■ Work instructions ■
Check the records below line by line. Give the count of lines with "featuring", and nothing else.

■ Records supplied ■
§ §
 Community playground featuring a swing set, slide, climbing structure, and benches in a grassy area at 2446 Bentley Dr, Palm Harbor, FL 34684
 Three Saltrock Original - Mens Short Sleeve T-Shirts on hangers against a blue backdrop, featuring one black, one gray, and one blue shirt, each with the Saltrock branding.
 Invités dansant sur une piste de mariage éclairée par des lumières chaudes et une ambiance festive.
§ §
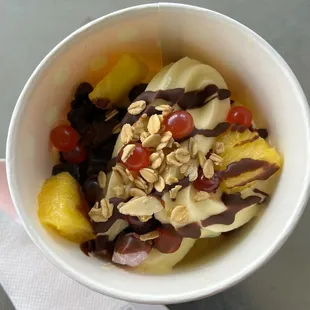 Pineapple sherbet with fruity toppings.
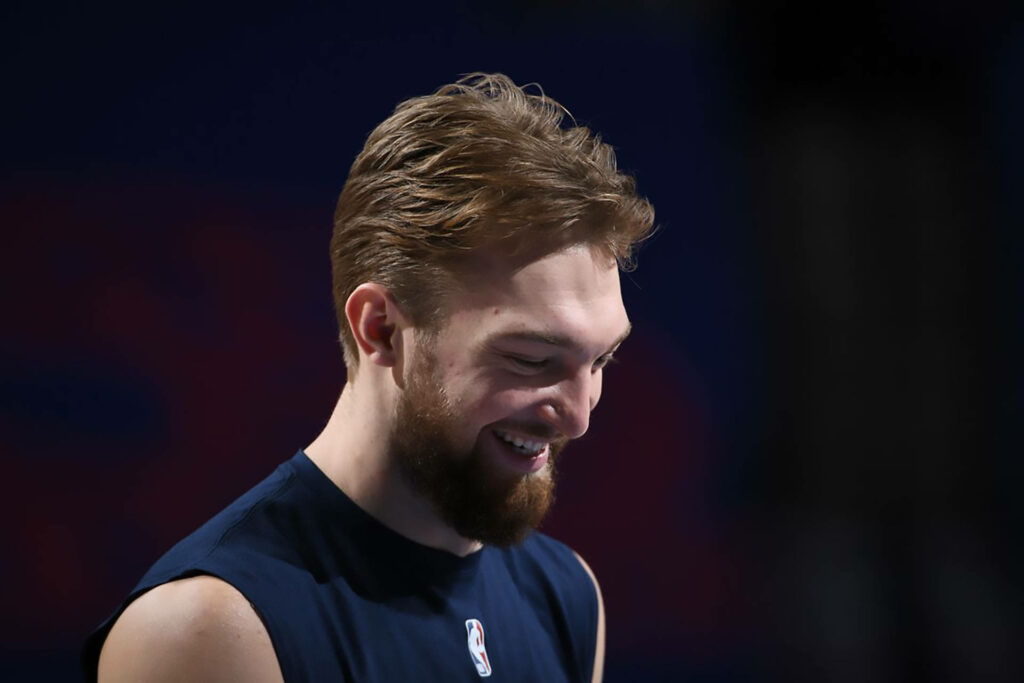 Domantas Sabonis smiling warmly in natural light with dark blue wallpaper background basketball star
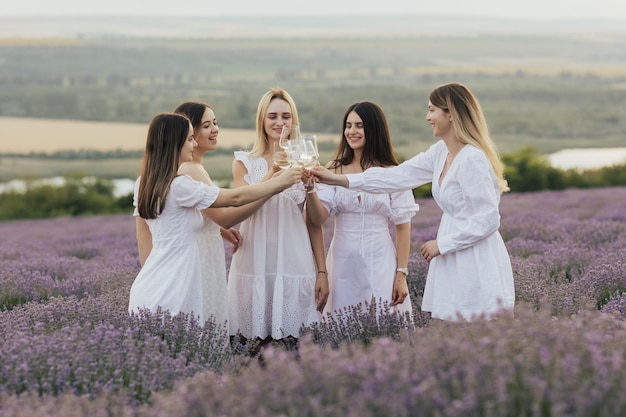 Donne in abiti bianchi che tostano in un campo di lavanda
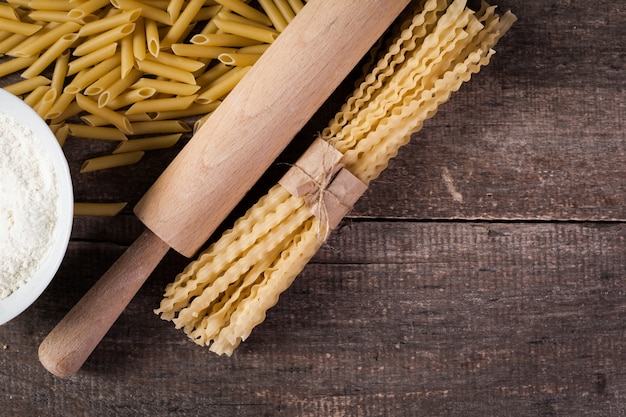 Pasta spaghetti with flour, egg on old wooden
§ §
■ Answer space ■
2